Puissance africaine, ce pays dans lequel se rend la délégation présidentielle burkinabè est en train de se sortir des chaînes du développement séparé : l’apartheid...

La nouvelle est tombée ce week-end dans les rédactions de la presse burkinabè, par l’intermédiaire de la direction de la communication de la présidence du Faso.

Celle, les 13 et 14 juillet 2004, en Afrique du Sud. Cette donne sera marquée, selon la presse présidentielle, par des entretiens que le chef de l’Etat aura avec son homologue sud-africain, M. Thabo M’béki. Compaoré et M’béki vont à ces occasions, certainement parler de la nouvelle dynamique qu’ils entendent donner au partenariat entre le Burkina Faso et l’Afrique du Sud : renforcer la coopération économique, "doper" et vivifier la complicité politique, voire culturelle, entre Ouagadougou et Pretoria.

D’autant plus que, dotée d’énormes potentialités et libérée de l’apartheid depuis 1994, l’Afrique du Sud apparaît comme la première puissance économique du continent. Mieux, depuis plusieurs années, d’importantes sociétés sud-africaines opèrent dans le domaine de la prospection minière au Burkina. Face à cette dynamique, la présence du président du Faso en Afrique du Sud, devrait permettre d’explorer d’autres terrains de coopération dans le domaine économique.

Le renforcement des liens économiques ainsi en vue est, selon certaines analyses, le prolongement des bonnes relations que l’Afrique du Sud et le Burkina entretiennent au plan politique. Le 27 avril dernier, le président Blaise Compaoré a d’ailleurs assisté, aux côtés de plusieurs autres chefs d’Etat, aux cérémonies d’investiture de M. Thabo M’béki, et du 10e anniversaire de l’avènement de la démocratie dans le pays de Nelson Mandela.

Un héritier détesté par Winnie Mandela...

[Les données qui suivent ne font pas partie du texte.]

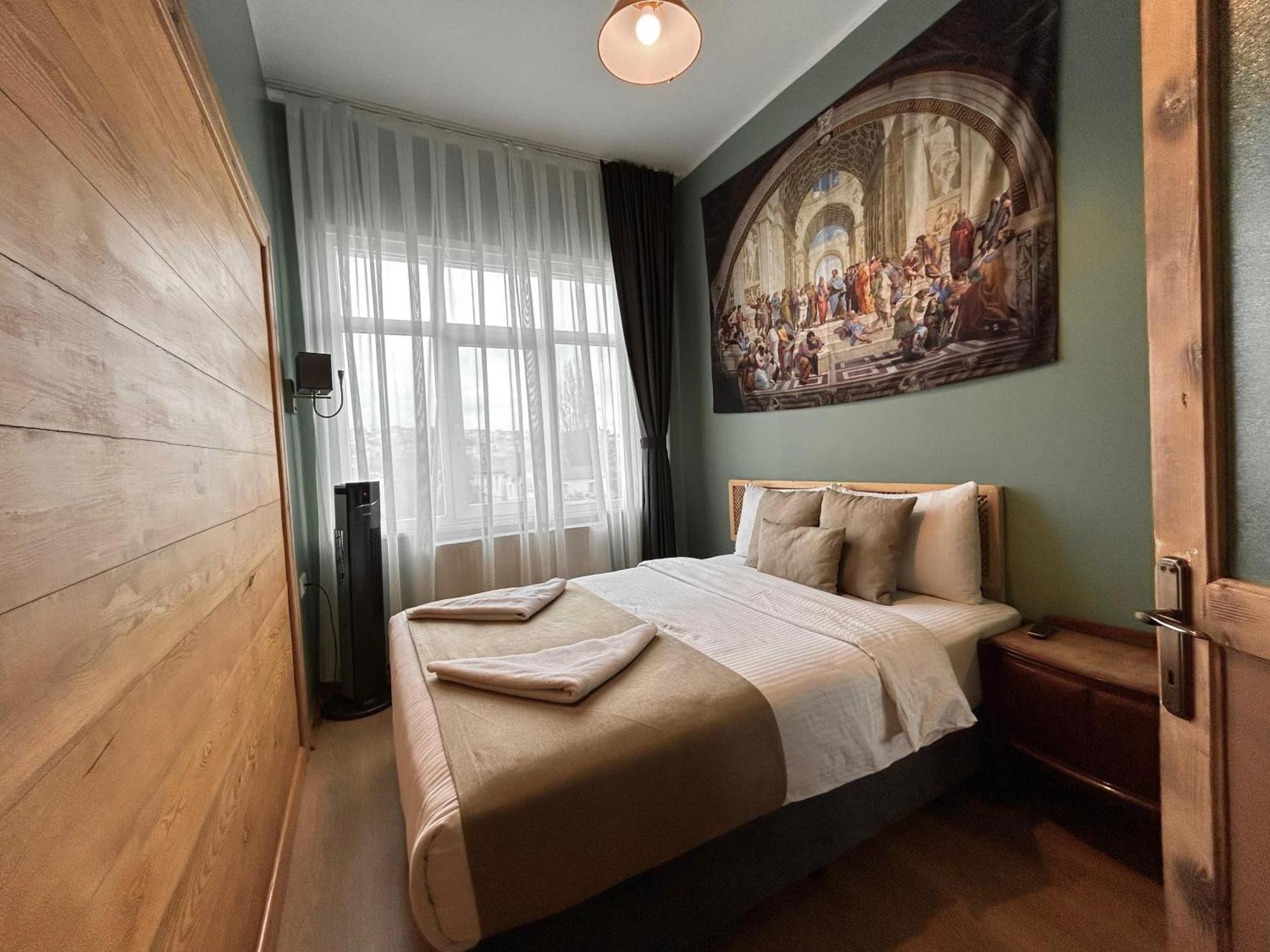 Waterfront Apartment By The Tram - Terrace With Dome & Golden Horn View In Fatih 伊斯坦布尔 外观 照片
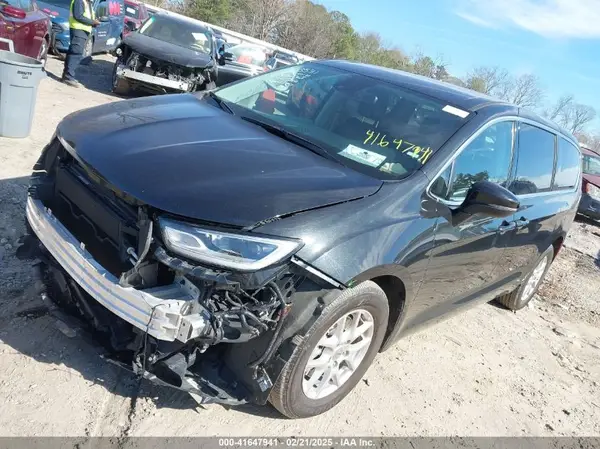 2C4RC1BG8PR631853 2023 CHRYSLER PACIFICA - Image 2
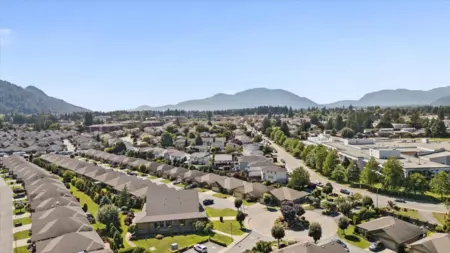 Swimming Pool Photo of 214 46000 Thomas Road, Chilliwack, BC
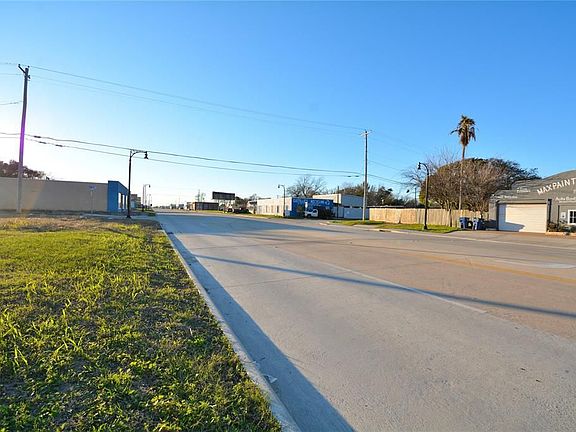 4th image of 0 Texas Ave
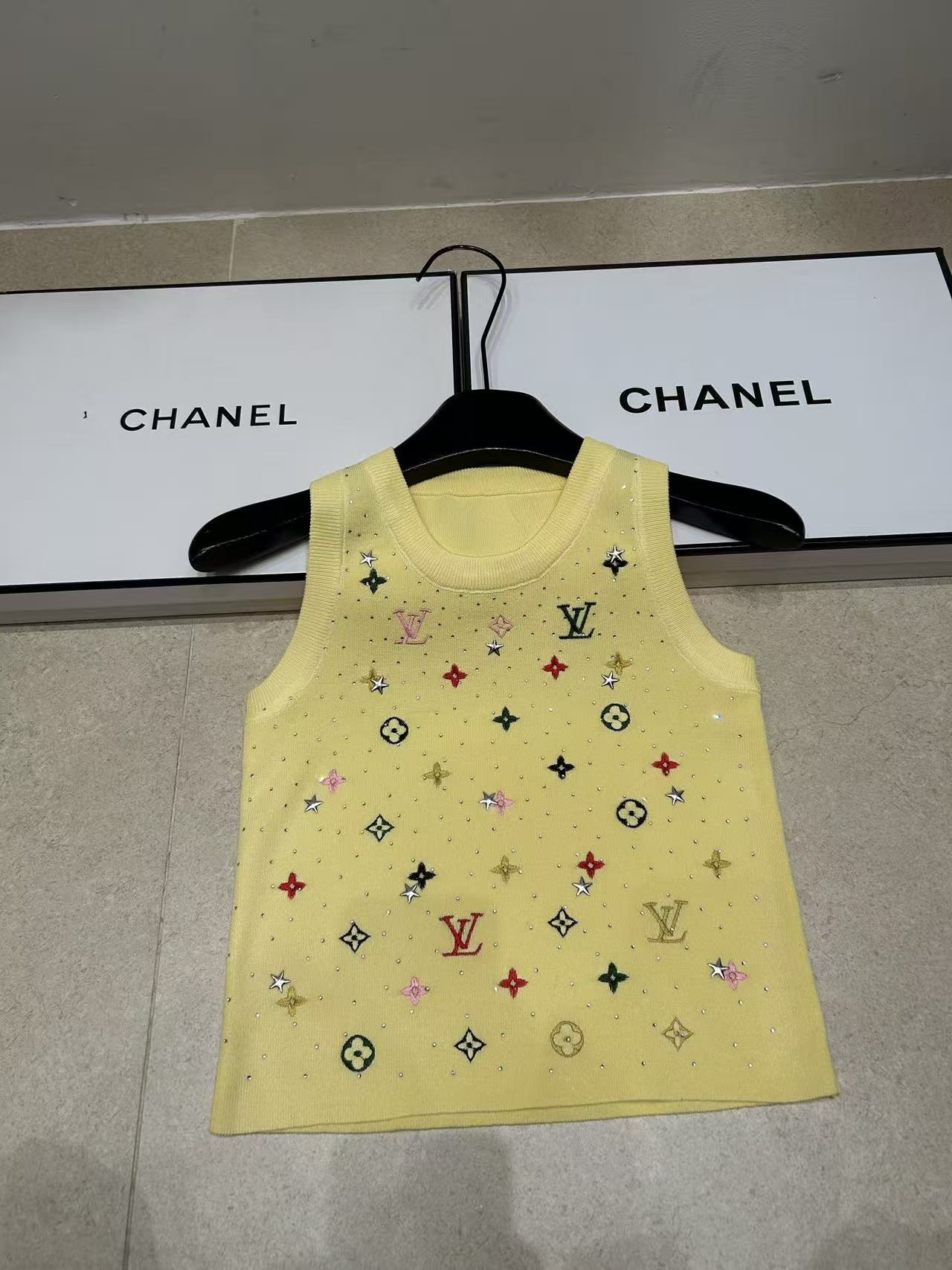 LV 刺繍入りプリント ウールベスト【50％割引+送料無料】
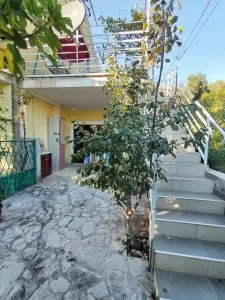 منزل للبيع في بودفا - Budva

Nommé vice-président en 1994, lors de l’élection de Mandela, Thabo M’béki veillait alors aux destinées du pays, tandis que le chef de l’Etat, de son propre aveu, préparait son départ de la scène politique. A son poste, M’béki a consolidé sa réputation de gestionnaire efficace, travailleur zélé, qui ne souffre pas la compagnie des imbéciles. Certains voient en lui un manipulateur empreint de cynisme. Ses amis, au contraire, évoquent un homme "à l’écoute des autres". Lui ne se livre guère, comme si sa personnalité se résumait à son action politique. "Quand j’étais étudiant en Angleterre, confiait-il récemment, je cherchais parfois à flirter avec les filles. Elles me répondaient toujours : "Mais, Thab, on ne te connaît même pas !" Comme vous le voyez, ce problème, pour moi, ne date pas d’aujourd’hui".

Fils d’un militant de l’ANC emprisonné avec Mandela, il a 19 ans lorsqu’il s’enfuit à l’étranger, sur les ordres de l’organisation, afin de rejoindre le président en exil d’alors, Olivier Tambo. Tandis que Mandela lit des manuels de droit à Robben Island, la colonie pénitentiaire au large du Cap, M’béki dévore des ouvrages d’économie à l’université du Sussex (Angleterre). Au cours des années qui suivent, Mandela deviendra le plus ancien prisonnier politique du monde ; M’béki, pendant ce temps-là, fréquente assidûment les cercles diplomatiques à l’étranger, où il défend la cause de l’ANC. En 1990, après la légalisation du mouvement, il retourne dans son pays, mettant un terme à vingt-six années d’exil.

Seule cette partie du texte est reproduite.